Quasi 16mila ettari in fumo
Complessivamente i Carabinieri forestali hanno calcolato una superficie bruciata di circa 15.726 ettari, di cui 4.695 ettari di superficie boscata. Particolarmente pesante è stato il bilancio nel Parco nazionale dell’Alta Murgia. Gli incendi sono aumentati in quasi tutte le province (+80% nella provincia di Barletta Andria Trani, +70% nel Barese, +46% in Salento, +32% nel Foggiano, +7% nel Brindisino e -0.53% in provincia di Taranto).
Come migliorare nel futuro
Oltre a fare un punto sull’andamento della campagna Aib 2026, analizzare dati, condividere problematiche e buoni risultati, si è ragionato su come migliorare nel futuro, sull’ipotesi di un nuovo Piano regionale di previsione, prevenzione e lotta attiva contro gli incendi boschivi e sulla pianificazione di misure di prevenzione più efficaci. Si è posta l’attenzione anche sui frequenti atti dolosi frequenti, che hanno portato a denunce, indagini e arresti.

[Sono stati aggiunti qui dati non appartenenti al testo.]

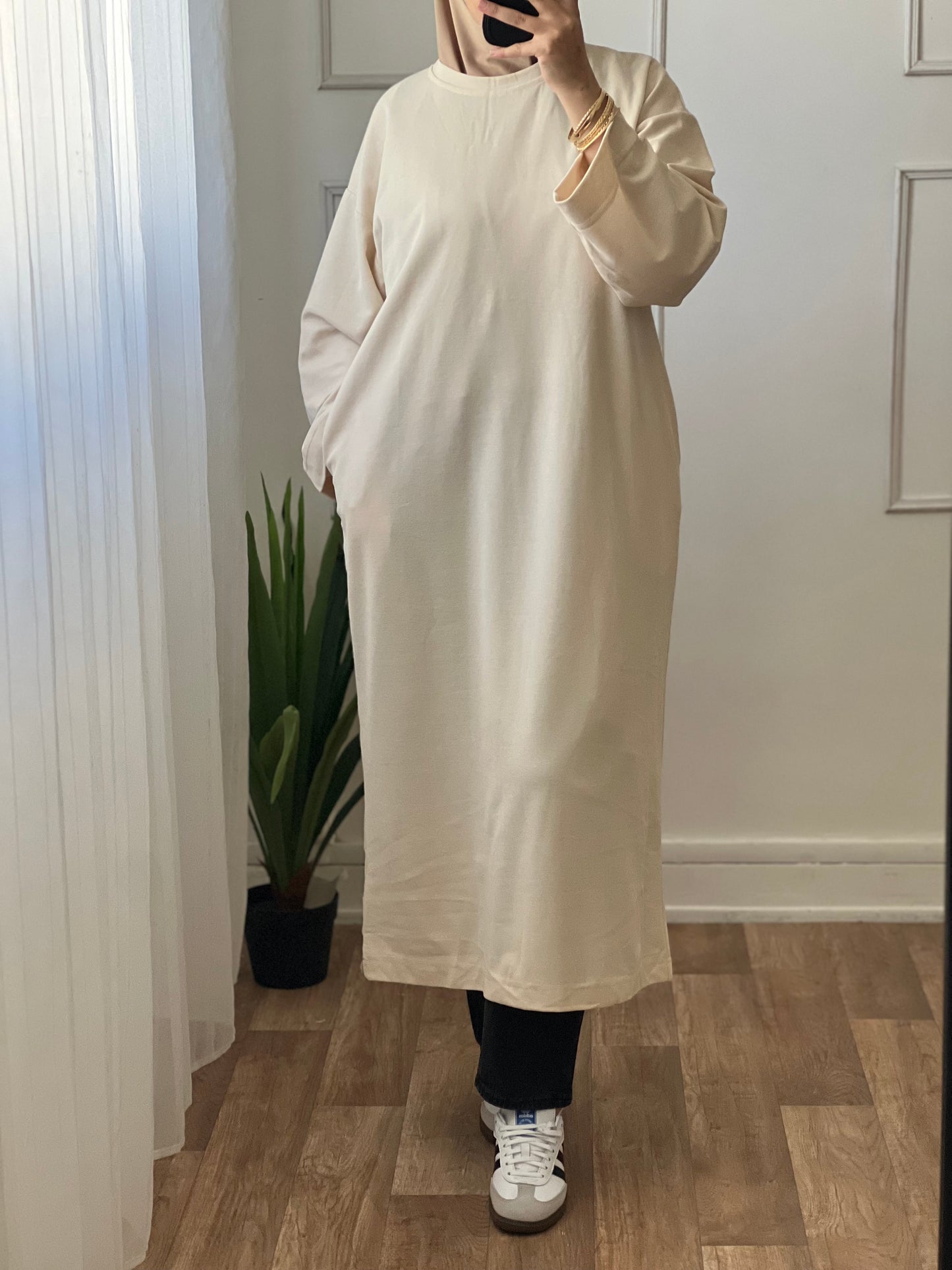 Pull long beige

“Questi numeri riflettono una stagione complessa che però siamo riusciti a gestire lavorando insieme con il contributo fondamentale dei coordinamenti provinciali delle associazioni di volontariato di Protezione Civile, degli operatori dell’Arif e dei Vigili del Fuoco, insieme ai Comuni, alle polizie municipali e alle forze dell’ordine – ha dichiarato l’assessore Ciliento -. Ora dobbiamo fare tesoro dei dati raccolti e di quanto accaduto per avviare un confronto diretto sui territori, in modo da attivare un percorso di prevenzione e di formazione/informazione per il contrasto agli incendi boschivi”.